Peacekeepers to confront Haiti violence - UN official

By Joseph Guyler Delva

PORT-AU-PRINCE, Haiti, June 9 (Reuters) - U.N. peacekeepers in Haiti will crack down on violence that threatens elections this year, a U.N. official said on Thursday after a visit by a high-level contingent of foreign officials to the troubled Caribbean nation.

Haiti has been plagued by political and gang violence since the bloody rebellion that ousted former President Jean-Bertrand Aristide last year.

"To those who want to foil the electoral process and to those who believe they can achieve their goals only through violence, those who want to kill hope, I tell them clearly that they don't have any chance to succeed," said Juan Gabriel Valdes, the U.N. special envoy to Haiti, at a news conference following the visit.

"The will of MINUSTAH (the U.N. mission) to confront the violence is there and will be there until those armed groups that have launched organized violence have been eliminated," he said.

A top elections official suggested last week that presidential, legislative and municipal elections scheduled for late this year should be postponed due to the violence and lagging voter registration.

Organizers had hoped to register 4.5 million voters between April 25 and July 31, but as of last week only 72,000 had been registered.

Still, Haiti's interim prime minister, Gerard Latortue, told the U.N. Security Council this week that the vote will take place as scheduled.

Officials from Brazil, France, Canada and United States, including Roger Noriega, the U.S. assistant secretary of state for western hemisphere affairs, visited Haiti on Thursday to assess conditions in the nation of 8 million people.

The United Nations sent peacekeepers to Haiti to support Latortue's interim government after Aristide was tossed out by former soldiers and armed gangs on Feb. 29, 2004. He fled into exile.

Latortue has criticized the U.N. mission for failing to halt the violence, which has killed hundreds of people.
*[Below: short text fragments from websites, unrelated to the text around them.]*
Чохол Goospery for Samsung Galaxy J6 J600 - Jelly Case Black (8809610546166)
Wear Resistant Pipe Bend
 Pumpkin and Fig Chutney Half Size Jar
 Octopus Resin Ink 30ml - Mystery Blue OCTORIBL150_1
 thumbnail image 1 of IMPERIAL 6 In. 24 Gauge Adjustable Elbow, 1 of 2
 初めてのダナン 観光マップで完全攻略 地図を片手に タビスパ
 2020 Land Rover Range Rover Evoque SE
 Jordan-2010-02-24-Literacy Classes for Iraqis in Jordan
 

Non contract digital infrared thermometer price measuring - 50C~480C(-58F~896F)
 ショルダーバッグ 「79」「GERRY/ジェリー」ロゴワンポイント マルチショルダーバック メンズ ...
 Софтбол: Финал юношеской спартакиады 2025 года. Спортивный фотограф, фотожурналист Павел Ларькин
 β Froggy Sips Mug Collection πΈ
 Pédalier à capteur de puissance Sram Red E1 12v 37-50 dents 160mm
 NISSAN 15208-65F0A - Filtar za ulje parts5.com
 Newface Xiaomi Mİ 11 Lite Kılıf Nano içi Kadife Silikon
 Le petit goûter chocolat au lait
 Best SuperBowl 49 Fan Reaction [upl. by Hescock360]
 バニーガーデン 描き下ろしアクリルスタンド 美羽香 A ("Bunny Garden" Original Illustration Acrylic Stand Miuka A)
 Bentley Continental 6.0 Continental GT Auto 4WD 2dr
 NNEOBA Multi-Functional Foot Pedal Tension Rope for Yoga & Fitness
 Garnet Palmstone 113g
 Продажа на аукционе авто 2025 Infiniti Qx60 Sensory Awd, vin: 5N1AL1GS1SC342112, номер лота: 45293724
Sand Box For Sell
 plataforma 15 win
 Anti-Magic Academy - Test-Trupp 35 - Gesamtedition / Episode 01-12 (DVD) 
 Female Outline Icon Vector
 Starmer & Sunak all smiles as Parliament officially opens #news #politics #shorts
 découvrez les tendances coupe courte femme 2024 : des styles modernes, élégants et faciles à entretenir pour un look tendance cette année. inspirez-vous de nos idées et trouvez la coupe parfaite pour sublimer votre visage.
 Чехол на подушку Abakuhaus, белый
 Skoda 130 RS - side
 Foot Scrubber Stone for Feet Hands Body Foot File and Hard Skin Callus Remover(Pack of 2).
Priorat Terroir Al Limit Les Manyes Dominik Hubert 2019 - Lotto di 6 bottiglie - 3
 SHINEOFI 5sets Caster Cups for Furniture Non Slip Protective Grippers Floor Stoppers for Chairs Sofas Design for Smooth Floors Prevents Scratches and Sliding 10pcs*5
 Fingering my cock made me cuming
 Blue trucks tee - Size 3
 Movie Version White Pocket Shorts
The U.N. mission now numbers 6,200 troops and nearly 1,300 civilian police. Valdes said 200 Paraguayan troops would soon join the mission. U.N. Secretary General Kofi Annan has recommended an additional 750 soldiers and 275 police officers.

"There are criminal gangs that are trying to undermine the democratic transition and the international community must react today if we wish to make a difference," Noriega said.